Tytuły traktujące o sportach ekstremalnych w ostatnich latach nie tyle zeszły do podziemia, lecz niemal zupełnie zniknęły z konsolowej sceny. Chcąc zapełnić tę niszę, wydawca dał zielone światło studiu Ubisoft Annecy, które dotychczas pracowało przede wszystkim nad trybami sieciowymi w grach z serii Assassin's Creed oraz Splinter Cell. Francuzi do powierzonego im zadania podeszli z pasją, tworząc coś, czego raczej nie nazwałbym kolejną "Ubigame". Zimowy sandboks, z ogromnym naciskiem na multiplayer, dedykowany przede wszystkim fanom zręcznościówek i sportów ekstremalnych, to - przyznajcie sami - oryginalne połączenie. Efekt końcowy dostarczył sporo frajdy nawet mnie, na co dzień fanowi gier przygodowych i platformówek.
Magiczne góry
Jak już wspomniałem, Steep posiada strukturę sandboksa, ale z oczywistych względów świata gry nie przemierzamy "z buta". Od początku wyposażeni jesteśmy w narty, deskę snowboardową, kombinezon wingsuit oraz paralotnię. Do najważniejszych aktywności w grze możemy dostać się za pomocą zrzutów, pełniących funkcję szybkiej podróży. Jest to jednak opcja dla osób lubiących bawić się w krótkich sesjach, gdyż eksploracja daje tyle samo frajdy, co poszczególne zawody. W każdym momencie możemy wyjąć gogle i rozejrzeć się po otoczeniu, by następnie odkrywać nowe miejscówki. Takie podejście nagradzane jest przez system, gdyż w większości niezbadanych miejsc kryją się punkty oznaczające kolejne wyzwania, niekiedy bardzo sprytnie ukryte. I chociaż miejscem gry są góry, autorom udało się tak zróżnicować teren działań, że o monotonii nie może być mowy. Wysokie szczyty, liczne przełęcze, pokryte lodem zbiorniki wodne, gęste lasy czy mniejsze i większe górskie wioski to tylko część atrakcji, jakie dla "zwiedzających" przygotowało francuskie studio. Niejednokrotnie, kończąc dane wyzwanie, w ogóle się nie zatrzymywałem, chcąc sprawdzić, co kryje się przede mną. Bawić można się zarówno z perspektywy trzeciej osoby, jak i pierwszej, lecz tutaj wybieram zdecydowanie pierwszą opcję, gdyż widok FPP utrudnia rozgrywkę. Co innego powtórki, które w każdej chwili możemy nagrywać i obrabiać (ujęcie kamery, szybkość itp.) - ukazane z oczu zawodnika robią spore wrażenie. Nie mniejsze niż liczba aktywności, jakimi zasypano najwyższy górski łańcuch Europy.

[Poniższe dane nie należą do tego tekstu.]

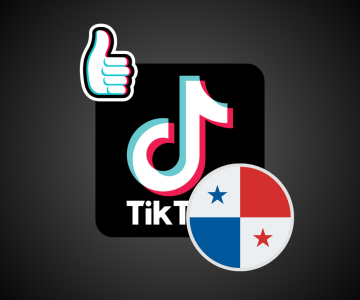 Comprar LIKES PANAMEÑOS TikTok – 1000 LIKES REALES PANAMA 🇵🇦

Dostępne w grze atrakcje obracają się wokół wspomnianego wcześniej sprzętu, który nosimy ze sobą. Narty służą do zjazdów, podczas snowboardowych wyzwań wykonujemy tricki, a za sprawą kombinezonu wingsuit i paralotni bierzemy udział w lotach na różnych warunkach. Snowboard oraz wingsuit cieszą się największą popularnością, co wcale mnie nie dziwi - są łatwo przyswajalne i oferują fantastyczne doznania, niekiedy porównywalne do gier z super bohaterami. Do gustu nie przypadła mi tylko paralotnia, dedykowane której misje nie zachwycają ani zróżnicowaniem, ani tempem zabawy. Do każdej z ww. dyscyplin przypisano indywidualne wyzwania, których poziom trudności rośnie wraz z następnymi zawodami. Wydawać by się mogło, iż repertuar zadań z uwagi na specyfikę danych dysyplin nie może być zbyt bogaty, jednakże deweloper stanął na wysokości zadania, implementując nawet takie ciekawostki, jak... rozbijanie naszego zawodnika. Biorąc udział w wyzwaniach i wykonując złożone akrobacje (także łączone), zdobywamy doświadczenie oraz pieniądze. Niestety, za punkty odblokowujemy jedynie dostęp do nowych miejsc/aktywności, a kupiony sprzęt nie ma wpływu na możliwości postaci. Z jednej strony to dobrze, że twórcy do odnoszenia sukcesów w rozgrywce - stojącej w rozkroku między arcade a quasi-realizmem - wymagają od grającego przede wszystkim wypracowanego skilla, mimo wszystko realny wpływ na potencjał zawodnika byłby mile widziany.
W grupie raźniej
W Steep możemy bawić się na własną rękę, lecz jeszcze ciekawiej robi się, gdy na serwerze znajdują się inni gracze. Bez obaw, miejsce akcji nie wygląda niczym miasto wypadowe w Dragon Ball: Xenoverse 2, gdzie widzimy zatrzęsienie awatarów, mimo to system udanie "imituje" wypad w góry wraz z grupą znajomych. Z niektórymi osobami stajemy do zawodów przygotowanych przez producenta, innym razem mierzymy się na trasach odkrytych przez innych. Swoimi osiągnięciami dzielimy się ze społecznością, której pozostali członkowie - tak samo jak znajomi z PSN/XL - mogą próbować przebić nasze wyczyny, poprawiając uzyskany przez nas czas czy wynik punktowy (motywuje do tego również stale aktualizująca się tablica rekordów). Do dzielenia się swoimi odkryciami i sukcesami zachęca również wspomniany wcześniej edytor powtórek, a także zdjęć, które możemy publikować w Sieci. Niby nic nowego w produkcjach stawiających na online, lecz tutaj zrealizowano i podano to bardzo sprawnie. Wady? Jak najbardziej - liczba mnoga. Mimo czterech względnie zróżnicowanych dyscyplin, po kilku godzinach zacząłem odczuwać, że z grubsza robię to samo przez cały czas. Wpływ miał na to również fakt, iż paralotnia nie przypadła mi do gustu i korzystałem z niej sporadycznie - przydałaby się jeszcze co najmniej jedna dyscyplina, wyraźnie różniąca się od pozostałych. Żałuję, iż mimo czynionych postępów, nie mogłem "ulepszyć" swojego zawodnika wedle własnego uznania, co przecież wcale nie eliminowałoby z rozgrywki znaczenia czynnika "skill". Odniosłem też wrażenie, że czasami postać reagowała na moje akcje w sposób niewłaściwy, lecz działo się to sporadycznie.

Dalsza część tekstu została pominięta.